In a party of timidity, hand-wringing and hesitation, Michele Bachmann roars like a lioness.
Together, Ryan and Bachmann are the core of the new, young Republican Party in the making, rising — as Gingrich did in 1994 — from the ashes of the discredited establishment.
Rep. Ryan’s (R-Wis.) budget blueprint is a thing of beauty. Stepping boldly on the third rails of our politics, he outlines a vision for a return to free enterprise and limited government that would have made Thomas Jefferson’s heart proud. His proposal to block-grant Medicaid and turn it over to the states breathes new life into federalism and gives us back the 10th Amendment. If courageous governors like Scott Walker of Wisconsin, John Kasich of Ohio, Chris Christie of New Jersey, Mitch Daniels of Indiana and Rick Scott of Florida can wrest education from the control of the labor unions and Ryan can free Medicaid from the feds, we can have state government again in America. His proposal to let the states determine eligibility and benefits and to let them experiment with Health Savings Accounts uses the laboratory of federalism to test solutions to our healthcare crisis — the opposite of the one-size-fits-all socialism of ObamaCare.

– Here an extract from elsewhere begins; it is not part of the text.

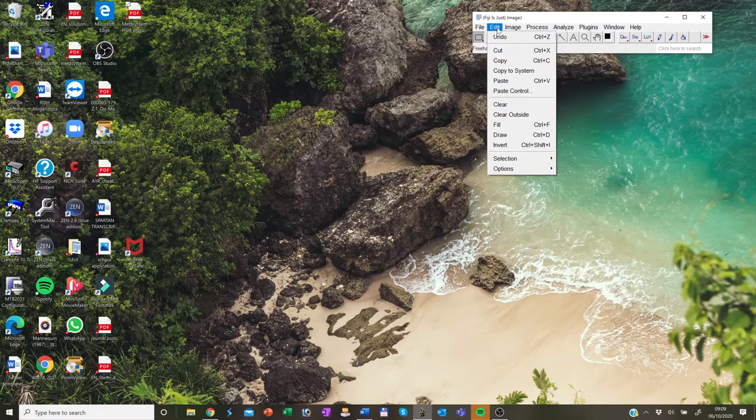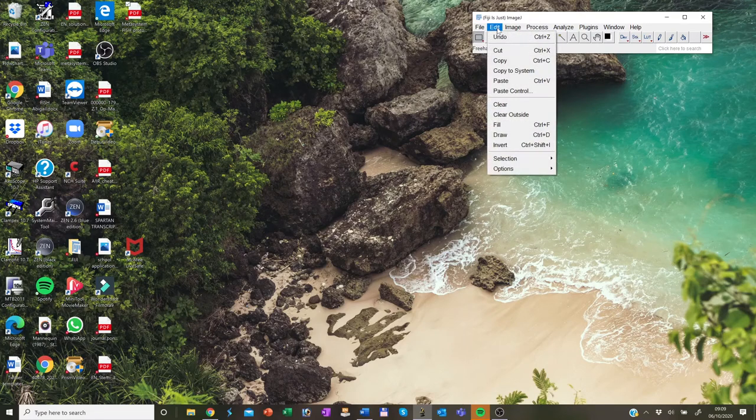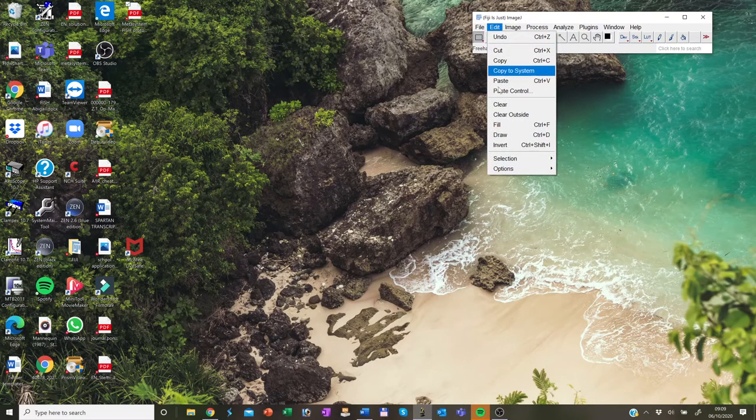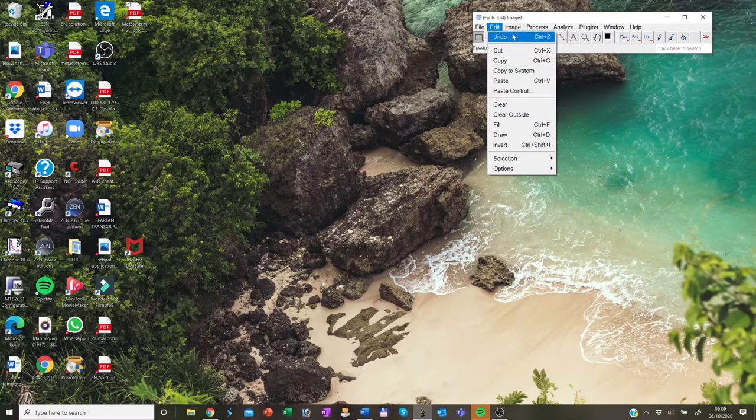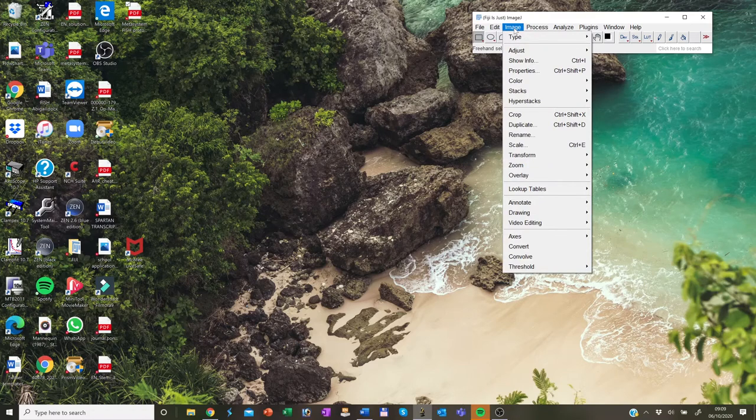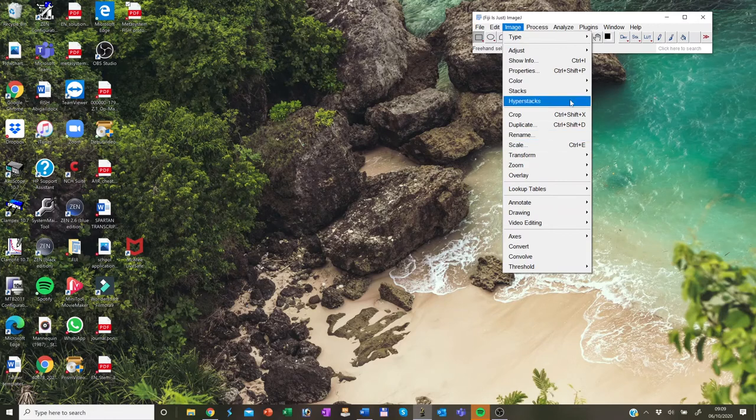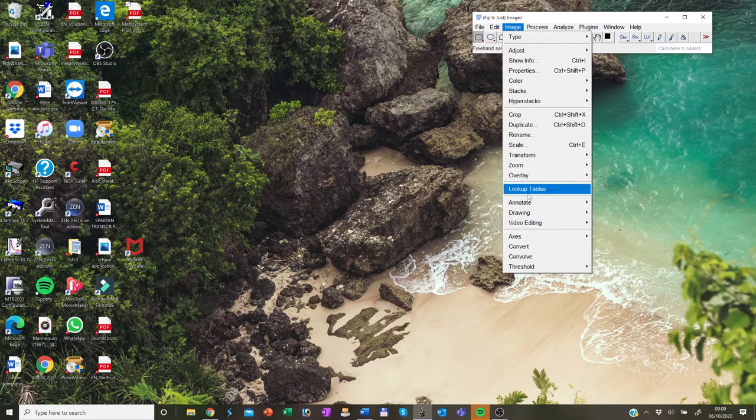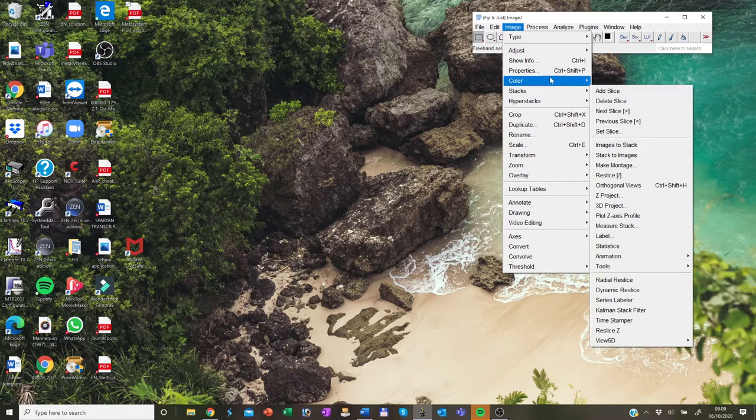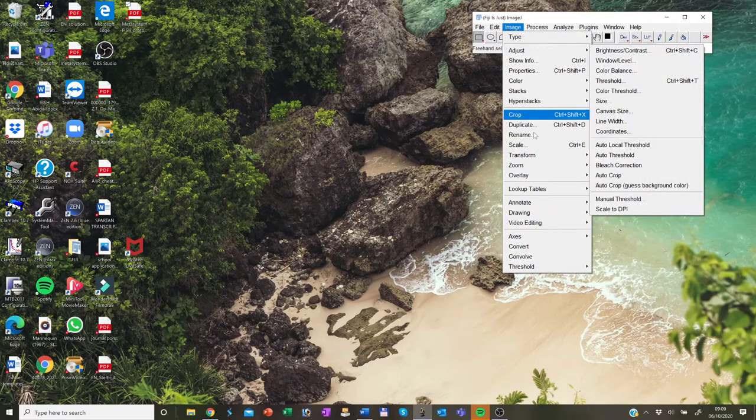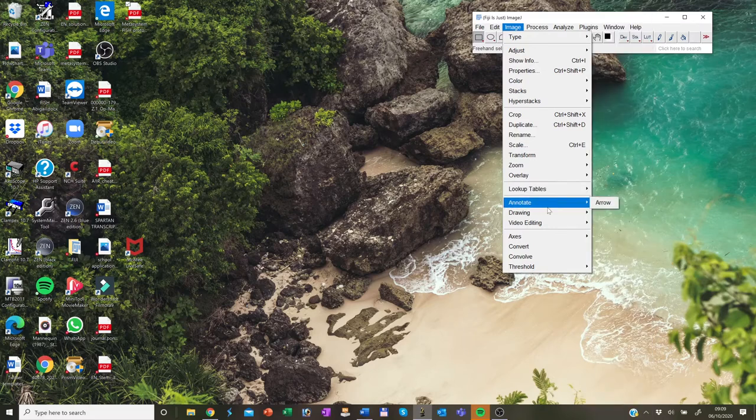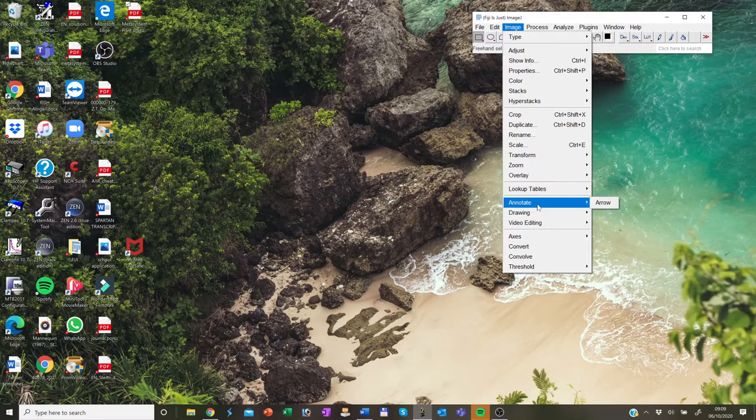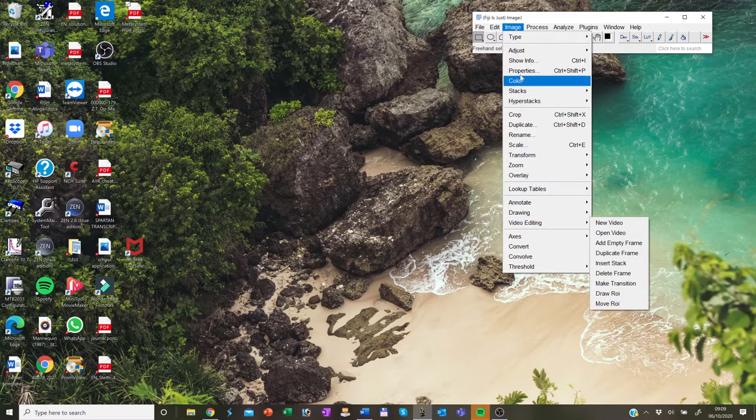The next section is edit. In the edit section, you will find all the selections and the region of interest handling. In the third bar is the image. Within this image, you find all the visualization and stack manipulation buttons. Also, how to adjust the brightness, the threshold, lookup tables. Also, it allows you to annotate, draw or edit your videos.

No less significant is Ryan’s plan to return non-defense discretionary spending to below its 2008 levels, reducing the cost and, inevitably, the power of Washington. By repealing ObamaCare, reining in the Environmental Protection Agency and rolling back the stimulus spending, he would scrub the budget clean of the scars of the Obama presidency.
His Medicare proposal repeals the $500 billion of cuts in healthcare to the elderly over the next 10 years that financed ObamaCare and implements vast savings in the program a decade hence. Any cuts in the federal budget over the next decade are, of course, conjectural. When one goes further out, it is fanciful. But Ryan shows us how to do it when we get there.